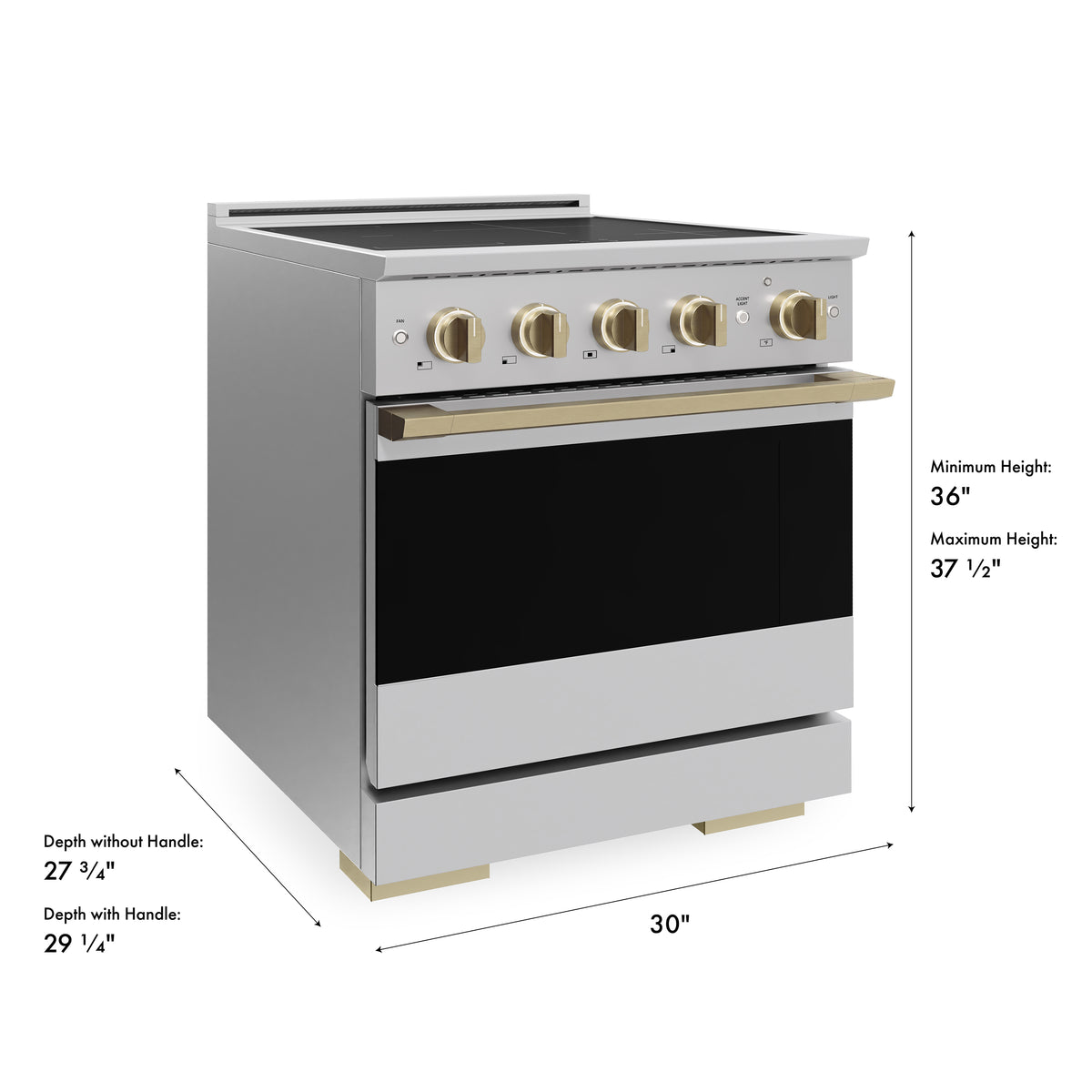 ZLINE Autograph 30-Inch Marino Induction Range in Stainless Steel with Champagne Bronze (MINRZ-30-CB) - product dimensions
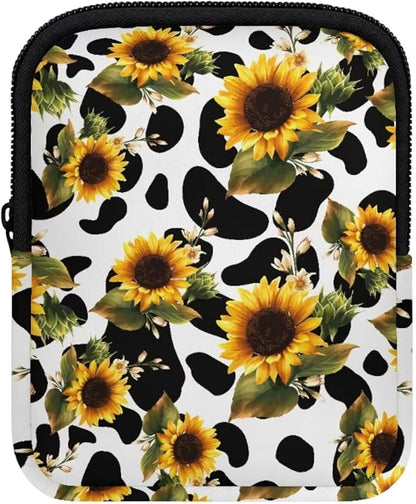 Cow Sunflower Stanley Cup Pouch with Adjustable Strap Water Bottle Storage Bag 20oz-40oz IceFlow Tumbler Pouch for Stanley Accessories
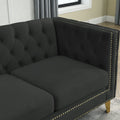 3 Seater 2 Seater Combination Sofa.Black Velvet Black Foam Velvet
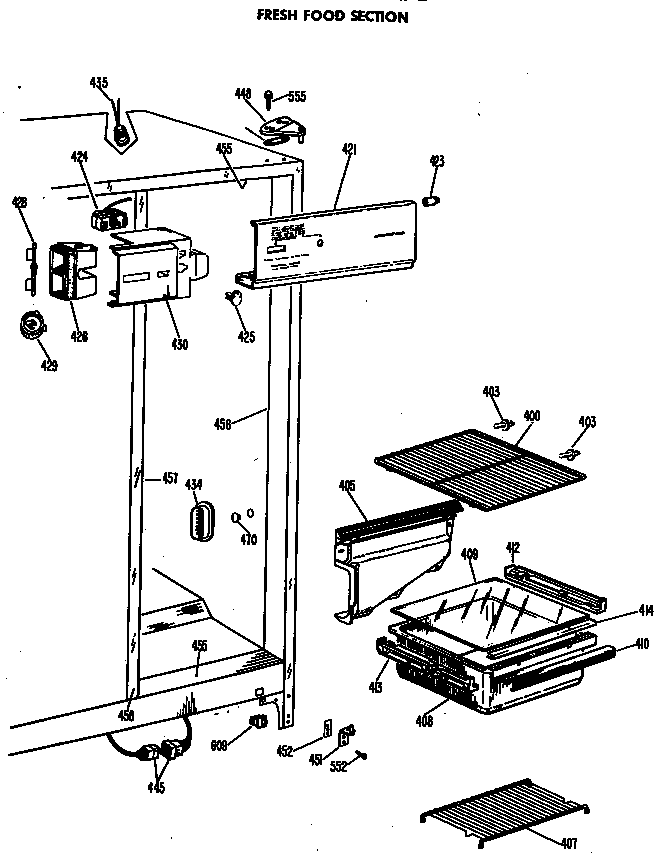 GE TFF19LBD fresh food section diagram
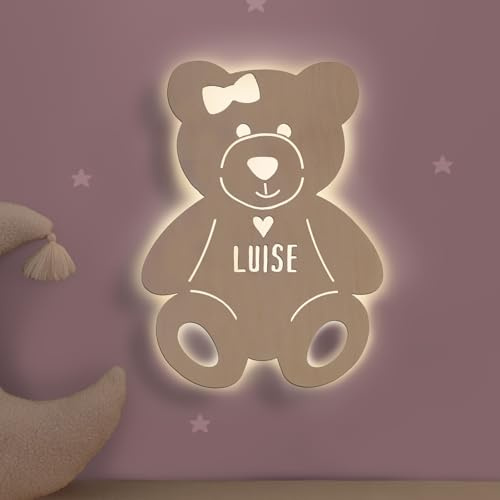 hellomini Personalisierbares LED-Nachtlicht mit Name für Kinder & Babys | Holz-Wandlampe | Schlummerlicht mit Motivwahl – Geschenk zur Geburt & Taufe (Theo der Teddy)
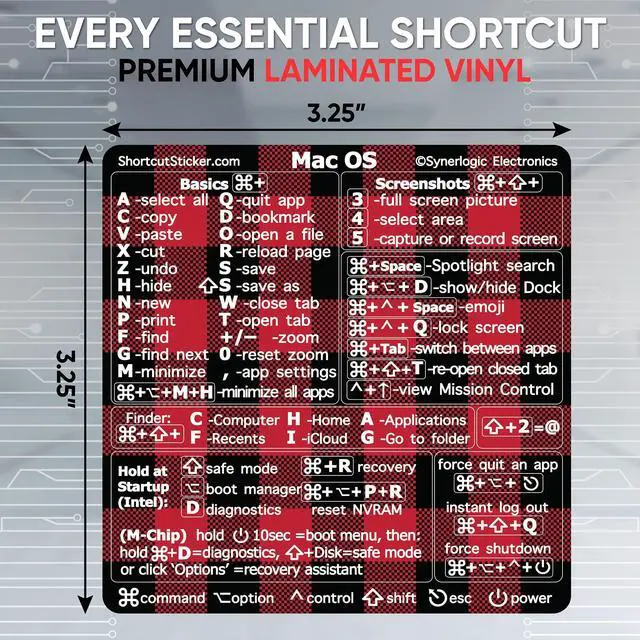 Alt view image 4 of 4 - (100pcs) Mac OS Shortcuts Sticker for Air/Pro | Keyboard Stickers for macOS | Laminated Vinyl MacBook Cheatsheet | MacBook Shortcuts 2026 (Buffalo Plaid/100pk)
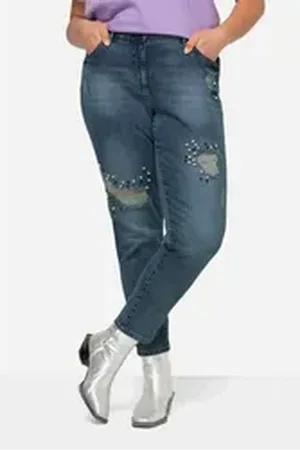 Angel of Style Angel of Style Regular-fit-Jeans Jeans Slim Fit verzierte Destroy-Effekte 5-Pocket blau 58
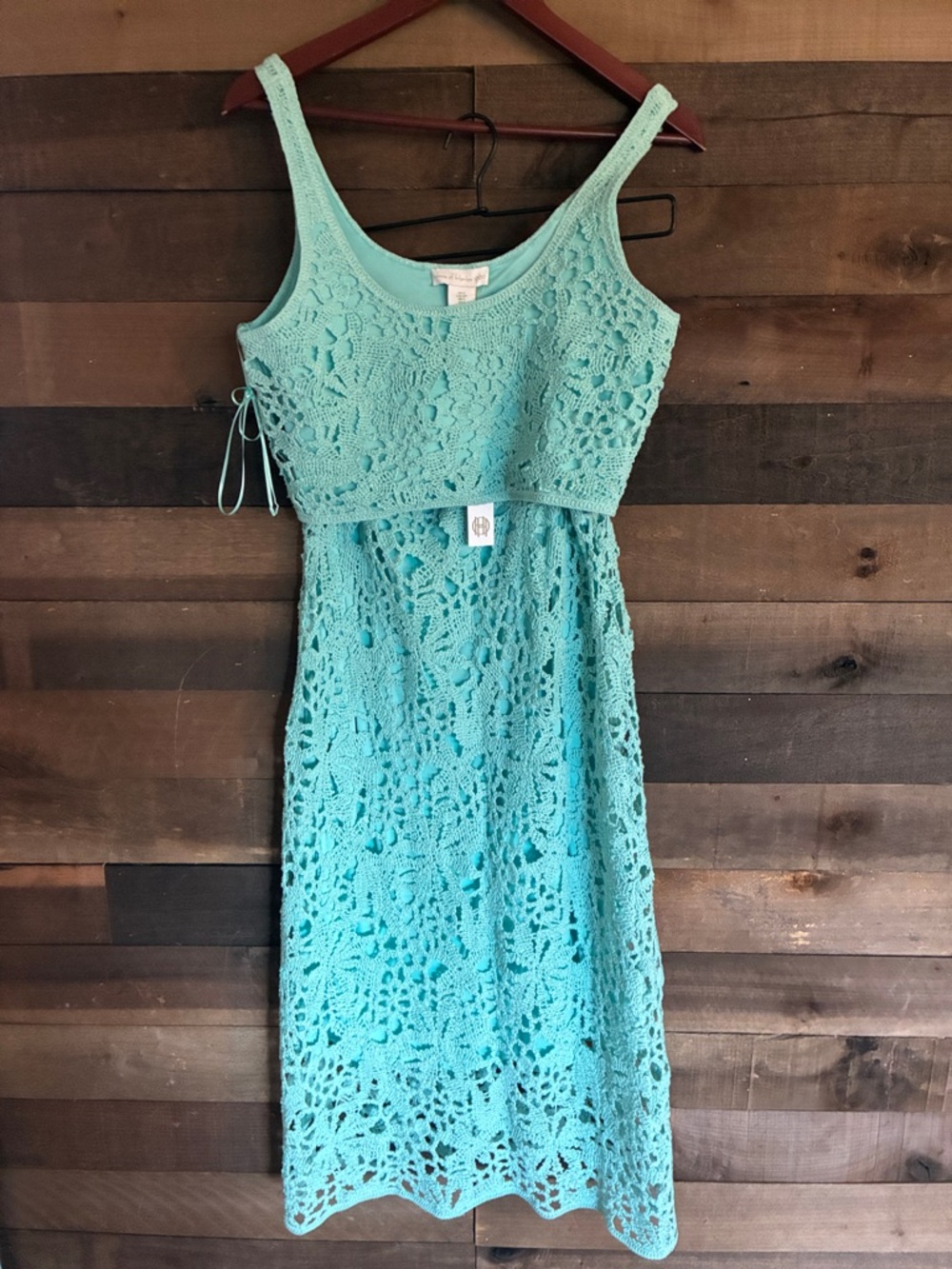 House of Harlow 1960 Aqua Crochet Midi Dress - Picture 4 of 6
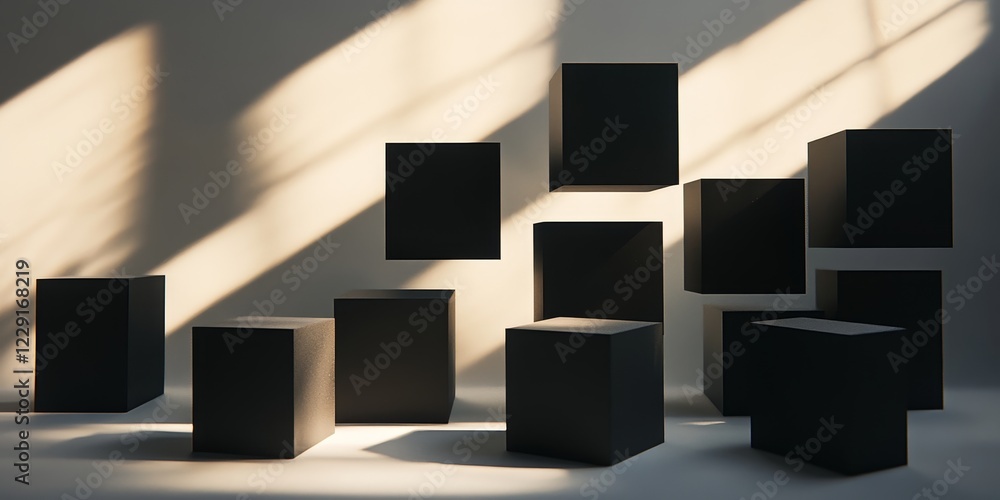Poster a striking arrangement of black geometric cubes in a minimalist studio setting. soft shadows create 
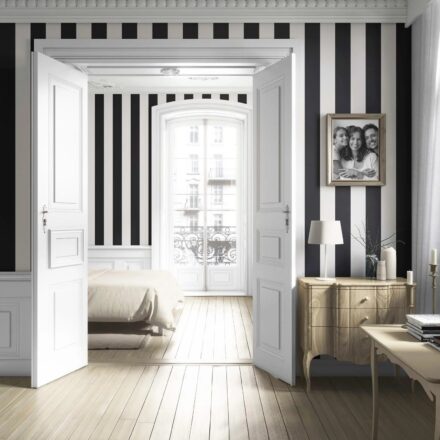 'Tidal Manor' Neutral Geometric Striped Wallpaper (Black/ White) - Image 4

+===+

§ What you have to do
When you copy the listing above, reproduce every line exactly and skip the images.

§ Exercise response
 ZLINE Autograph 30-Inch Marino Induction Range in Stainless Steel with Champagne Bronze (MINRZ-30-CB) - product dimensions
 Cow Sunflower Stanley Cup Pouch with Adjustable Strap Water Bottle Storage Bag 20oz-40oz IceFlow Tumbler Pouch for Stanley Accessories
 3 Seater 2 Seater Combination Sofa.Black Velvet Black Foam Velvet
 GE TFF19LBD fresh food section diagram
 hellomini Personalisierbares LED-Nachtlicht mit Name für Kinder & Babys | Holz-Wandlampe | Schlummerlicht mit Motivwahl – Geschenk zur Geburt & Taufe (Theo der Teddy)
 Alt view image 4 of 4 - (100pcs) Mac OS Shortcuts Sticker for Air/Pro | Keyboard Stickers for macOS | Laminated Vinyl MacBook Cheatsheet | MacBook Shortcuts 2026 (Buffalo Plaid/100pk)
 Angel of Style Angel of Style Regular-fit-Jeans Jeans Slim Fit verzierte Destroy-Effekte 5-Pocket blau 58
 House of Harlow 1960 Aqua Crochet Midi Dress - Picture 4 of 6
Poster a striking arrangement of black geometric cubes in a minimalist studio setting. soft shadows create 
 'Tidal Manor' Neutral Geometric Striped Wallpaper (Black/ White) - Image 4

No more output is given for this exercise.